Given records:
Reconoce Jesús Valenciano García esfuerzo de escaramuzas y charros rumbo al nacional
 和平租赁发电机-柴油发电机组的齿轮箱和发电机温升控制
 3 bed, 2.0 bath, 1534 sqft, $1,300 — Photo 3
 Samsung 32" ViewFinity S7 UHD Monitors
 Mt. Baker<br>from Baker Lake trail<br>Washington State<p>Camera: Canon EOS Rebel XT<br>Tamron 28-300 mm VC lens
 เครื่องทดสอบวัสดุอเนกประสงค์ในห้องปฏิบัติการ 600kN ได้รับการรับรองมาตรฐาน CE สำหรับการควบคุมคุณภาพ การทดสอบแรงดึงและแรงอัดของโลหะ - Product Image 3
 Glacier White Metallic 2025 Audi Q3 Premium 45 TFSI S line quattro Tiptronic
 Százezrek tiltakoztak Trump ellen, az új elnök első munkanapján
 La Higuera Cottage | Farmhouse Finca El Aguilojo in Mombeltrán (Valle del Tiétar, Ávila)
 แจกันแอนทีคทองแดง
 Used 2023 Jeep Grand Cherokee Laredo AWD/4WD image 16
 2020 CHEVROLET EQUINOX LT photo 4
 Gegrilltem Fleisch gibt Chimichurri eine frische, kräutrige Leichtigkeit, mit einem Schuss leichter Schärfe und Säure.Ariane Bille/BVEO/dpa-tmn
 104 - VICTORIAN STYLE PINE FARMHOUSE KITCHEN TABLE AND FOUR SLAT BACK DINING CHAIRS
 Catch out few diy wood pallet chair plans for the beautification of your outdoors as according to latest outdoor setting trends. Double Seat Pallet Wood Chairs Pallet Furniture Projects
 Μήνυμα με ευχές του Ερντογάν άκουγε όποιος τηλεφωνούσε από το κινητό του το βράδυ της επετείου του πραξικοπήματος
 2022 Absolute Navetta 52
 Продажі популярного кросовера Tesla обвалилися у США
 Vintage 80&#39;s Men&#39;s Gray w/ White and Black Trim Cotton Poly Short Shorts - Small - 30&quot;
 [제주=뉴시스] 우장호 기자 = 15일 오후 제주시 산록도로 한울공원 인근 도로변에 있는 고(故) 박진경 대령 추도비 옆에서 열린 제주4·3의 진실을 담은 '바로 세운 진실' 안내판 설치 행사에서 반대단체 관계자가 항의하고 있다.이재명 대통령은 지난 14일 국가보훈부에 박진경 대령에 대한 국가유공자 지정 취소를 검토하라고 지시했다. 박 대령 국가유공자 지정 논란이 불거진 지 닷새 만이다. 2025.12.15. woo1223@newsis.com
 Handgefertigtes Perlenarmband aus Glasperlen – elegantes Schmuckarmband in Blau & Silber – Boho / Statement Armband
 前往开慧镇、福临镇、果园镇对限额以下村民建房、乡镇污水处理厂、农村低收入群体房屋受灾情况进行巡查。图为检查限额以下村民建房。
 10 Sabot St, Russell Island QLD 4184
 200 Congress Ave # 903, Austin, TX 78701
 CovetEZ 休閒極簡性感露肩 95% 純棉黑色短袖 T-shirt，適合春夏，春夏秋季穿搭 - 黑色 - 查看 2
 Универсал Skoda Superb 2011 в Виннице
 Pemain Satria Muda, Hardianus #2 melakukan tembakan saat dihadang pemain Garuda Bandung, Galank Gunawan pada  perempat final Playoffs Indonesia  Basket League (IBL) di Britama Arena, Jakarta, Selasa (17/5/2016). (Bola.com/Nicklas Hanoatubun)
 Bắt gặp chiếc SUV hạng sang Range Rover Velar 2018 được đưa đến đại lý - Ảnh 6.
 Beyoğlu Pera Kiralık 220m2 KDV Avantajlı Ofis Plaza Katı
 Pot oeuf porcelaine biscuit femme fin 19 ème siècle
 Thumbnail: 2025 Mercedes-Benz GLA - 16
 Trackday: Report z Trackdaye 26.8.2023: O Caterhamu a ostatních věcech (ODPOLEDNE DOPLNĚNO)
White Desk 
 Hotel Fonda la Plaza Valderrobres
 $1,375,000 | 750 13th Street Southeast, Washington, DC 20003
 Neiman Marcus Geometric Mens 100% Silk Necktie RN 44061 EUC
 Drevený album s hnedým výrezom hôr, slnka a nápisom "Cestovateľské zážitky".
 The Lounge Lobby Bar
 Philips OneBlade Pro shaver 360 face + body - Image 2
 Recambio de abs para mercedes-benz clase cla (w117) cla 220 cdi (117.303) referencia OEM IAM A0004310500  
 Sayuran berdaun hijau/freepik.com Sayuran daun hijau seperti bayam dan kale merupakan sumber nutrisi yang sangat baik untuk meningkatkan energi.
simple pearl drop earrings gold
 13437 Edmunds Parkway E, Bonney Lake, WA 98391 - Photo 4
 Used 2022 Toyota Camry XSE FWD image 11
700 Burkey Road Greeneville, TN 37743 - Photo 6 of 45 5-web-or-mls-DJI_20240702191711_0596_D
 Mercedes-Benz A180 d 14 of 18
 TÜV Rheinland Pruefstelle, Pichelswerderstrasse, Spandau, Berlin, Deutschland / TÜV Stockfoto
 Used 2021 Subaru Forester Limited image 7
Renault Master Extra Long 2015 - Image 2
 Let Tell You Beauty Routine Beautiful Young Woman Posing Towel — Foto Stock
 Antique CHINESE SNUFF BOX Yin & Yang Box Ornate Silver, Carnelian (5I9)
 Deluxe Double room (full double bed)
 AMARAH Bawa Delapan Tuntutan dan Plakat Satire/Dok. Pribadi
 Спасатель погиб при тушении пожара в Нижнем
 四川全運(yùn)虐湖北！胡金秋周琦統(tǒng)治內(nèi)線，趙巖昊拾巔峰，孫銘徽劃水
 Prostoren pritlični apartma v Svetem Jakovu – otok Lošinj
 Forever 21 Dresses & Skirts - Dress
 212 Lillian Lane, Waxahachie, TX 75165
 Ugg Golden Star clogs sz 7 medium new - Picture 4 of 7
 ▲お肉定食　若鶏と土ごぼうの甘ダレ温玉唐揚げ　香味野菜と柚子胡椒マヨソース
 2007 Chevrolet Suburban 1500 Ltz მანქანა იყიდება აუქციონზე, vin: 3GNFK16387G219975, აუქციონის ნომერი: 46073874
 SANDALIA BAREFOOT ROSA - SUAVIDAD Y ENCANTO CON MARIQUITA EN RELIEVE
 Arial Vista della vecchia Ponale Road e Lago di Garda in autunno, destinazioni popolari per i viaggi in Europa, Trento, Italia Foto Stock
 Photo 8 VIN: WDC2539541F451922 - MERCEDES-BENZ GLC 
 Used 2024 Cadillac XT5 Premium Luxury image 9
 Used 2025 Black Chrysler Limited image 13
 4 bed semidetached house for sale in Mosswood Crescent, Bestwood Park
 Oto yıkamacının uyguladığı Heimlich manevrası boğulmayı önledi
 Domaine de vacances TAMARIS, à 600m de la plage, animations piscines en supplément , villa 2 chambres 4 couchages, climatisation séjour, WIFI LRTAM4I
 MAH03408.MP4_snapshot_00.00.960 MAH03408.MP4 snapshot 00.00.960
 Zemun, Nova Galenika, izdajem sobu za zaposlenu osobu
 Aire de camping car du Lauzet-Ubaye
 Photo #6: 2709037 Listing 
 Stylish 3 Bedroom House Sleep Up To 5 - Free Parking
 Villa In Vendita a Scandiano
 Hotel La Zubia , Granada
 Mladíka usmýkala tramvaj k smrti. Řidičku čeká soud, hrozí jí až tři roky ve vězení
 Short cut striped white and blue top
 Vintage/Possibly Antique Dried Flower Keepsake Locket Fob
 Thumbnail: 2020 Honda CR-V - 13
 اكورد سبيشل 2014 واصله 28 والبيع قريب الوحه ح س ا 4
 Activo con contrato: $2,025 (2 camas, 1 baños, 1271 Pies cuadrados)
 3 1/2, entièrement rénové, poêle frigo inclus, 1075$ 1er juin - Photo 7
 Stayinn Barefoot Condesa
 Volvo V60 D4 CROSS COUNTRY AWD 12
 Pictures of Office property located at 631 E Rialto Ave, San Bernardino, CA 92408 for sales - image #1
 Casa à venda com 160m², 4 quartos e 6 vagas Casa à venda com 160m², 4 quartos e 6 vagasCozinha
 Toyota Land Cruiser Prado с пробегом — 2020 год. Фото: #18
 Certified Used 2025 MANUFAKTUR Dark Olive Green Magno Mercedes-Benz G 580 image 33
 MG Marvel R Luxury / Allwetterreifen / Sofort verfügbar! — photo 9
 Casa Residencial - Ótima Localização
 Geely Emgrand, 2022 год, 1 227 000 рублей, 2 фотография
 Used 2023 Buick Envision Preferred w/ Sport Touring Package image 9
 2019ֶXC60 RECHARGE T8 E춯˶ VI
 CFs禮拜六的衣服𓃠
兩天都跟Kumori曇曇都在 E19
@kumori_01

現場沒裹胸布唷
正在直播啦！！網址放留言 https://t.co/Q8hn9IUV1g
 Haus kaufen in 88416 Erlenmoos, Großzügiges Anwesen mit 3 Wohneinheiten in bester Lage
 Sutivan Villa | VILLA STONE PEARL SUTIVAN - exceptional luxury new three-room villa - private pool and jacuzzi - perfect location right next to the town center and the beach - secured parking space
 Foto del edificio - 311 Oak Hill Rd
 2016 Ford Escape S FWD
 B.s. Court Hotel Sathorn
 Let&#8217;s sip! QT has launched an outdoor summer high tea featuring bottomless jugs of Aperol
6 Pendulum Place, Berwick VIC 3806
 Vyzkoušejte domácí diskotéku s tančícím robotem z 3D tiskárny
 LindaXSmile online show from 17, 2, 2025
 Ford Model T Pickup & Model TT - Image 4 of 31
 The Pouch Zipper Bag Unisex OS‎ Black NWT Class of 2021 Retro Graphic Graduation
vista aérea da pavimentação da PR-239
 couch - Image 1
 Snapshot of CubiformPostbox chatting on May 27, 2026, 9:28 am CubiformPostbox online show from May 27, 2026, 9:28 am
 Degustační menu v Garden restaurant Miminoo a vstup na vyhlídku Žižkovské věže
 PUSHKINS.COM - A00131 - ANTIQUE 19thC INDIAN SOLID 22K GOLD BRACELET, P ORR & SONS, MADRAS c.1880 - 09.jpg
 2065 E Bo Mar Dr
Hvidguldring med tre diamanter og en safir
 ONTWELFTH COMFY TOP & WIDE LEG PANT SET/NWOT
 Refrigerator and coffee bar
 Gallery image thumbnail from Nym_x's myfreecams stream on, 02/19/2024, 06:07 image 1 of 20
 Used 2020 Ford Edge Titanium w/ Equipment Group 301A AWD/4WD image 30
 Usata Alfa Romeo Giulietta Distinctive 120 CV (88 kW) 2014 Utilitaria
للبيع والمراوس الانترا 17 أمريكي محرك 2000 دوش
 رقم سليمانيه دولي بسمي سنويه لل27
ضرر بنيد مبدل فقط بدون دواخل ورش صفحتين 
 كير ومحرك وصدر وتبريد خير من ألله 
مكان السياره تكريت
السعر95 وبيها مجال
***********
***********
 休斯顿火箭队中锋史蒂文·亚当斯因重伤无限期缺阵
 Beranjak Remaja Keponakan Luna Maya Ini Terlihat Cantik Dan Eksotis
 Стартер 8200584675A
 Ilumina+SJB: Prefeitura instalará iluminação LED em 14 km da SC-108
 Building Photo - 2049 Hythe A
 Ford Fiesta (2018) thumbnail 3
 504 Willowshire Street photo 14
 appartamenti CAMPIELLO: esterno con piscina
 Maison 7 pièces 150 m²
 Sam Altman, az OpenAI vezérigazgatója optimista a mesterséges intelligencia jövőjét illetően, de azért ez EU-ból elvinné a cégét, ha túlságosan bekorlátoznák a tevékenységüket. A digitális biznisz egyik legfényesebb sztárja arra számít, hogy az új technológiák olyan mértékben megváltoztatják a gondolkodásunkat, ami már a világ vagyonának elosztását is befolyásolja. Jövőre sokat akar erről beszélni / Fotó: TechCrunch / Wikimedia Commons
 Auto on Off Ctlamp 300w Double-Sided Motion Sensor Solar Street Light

Task item:
Look above for the line with "Vintage/Possibly Antique Dried" and the line with "Foto del edificio - 311 Oak Hill Rd", and reproduce exactly those two lines plus every line between, nothing more.

Exercise answer:
 Vintage/Possibly Antique Dried Flower Keepsake Locket Fob
 Thumbnail: 2020 Honda CR-V - 13
 اكورد سبيشل 2014 واصله 28 والبيع قريب الوحه ح س ا 4
 Activo con contrato: $2,025 (2 camas, 1 baños, 1271 Pies cuadrados)
 3 1/2, entièrement rénové, poêle frigo inclus, 1075$ 1er juin - Photo 7
 Stayinn Barefoot Condesa
 Volvo V60 D4 CROSS COUNTRY AWD 12
 Pictures of Office property located at 631 E Rialto Ave, San Bernardino, CA 92408 for sales - image #1
 Casa à venda com 160m², 4 quartos e 6 vagas Casa à venda com 160m², 4 quartos e 6 vagasCozinha
 Toyota Land Cruiser Prado с пробегом — 2020 год. Фото: #18
 Certified Used 2025 MANUFAKTUR Dark Olive Green Magno Mercedes-Benz G 580 image 33
 MG Marvel R Luxury / Allwetterreifen / Sofort verfügbar! — photo 9
 Casa Residencial - Ótima Localização
 Geely Emgrand, 2022 год, 1 227 000 рублей, 2 фотография
 Used 2023 Buick Envision Preferred w/ Sport Touring Package image 9
 2019ֶXC60 RECHARGE T8 E춯˶ VI
 CFs禮拜六的衣服𓃠
兩天都跟Kumori曇曇都在 E19
@kumori_01

現場沒裹胸布唷
正在直播啦！！網址放留言 https://t.co/Q8hn9IUV1g
 Haus kaufen in 88416 Erlenmoos, Großzügiges Anwesen mit 3 Wohneinheiten in bester Lage
 Sutivan Villa | VILLA STONE PEARL SUTIVAN - exceptional luxury new three-room villa - private pool and jacuzzi - perfect location right next to the town center and the beach - secured parking space
 Foto del edificio - 311 Oak Hill Rd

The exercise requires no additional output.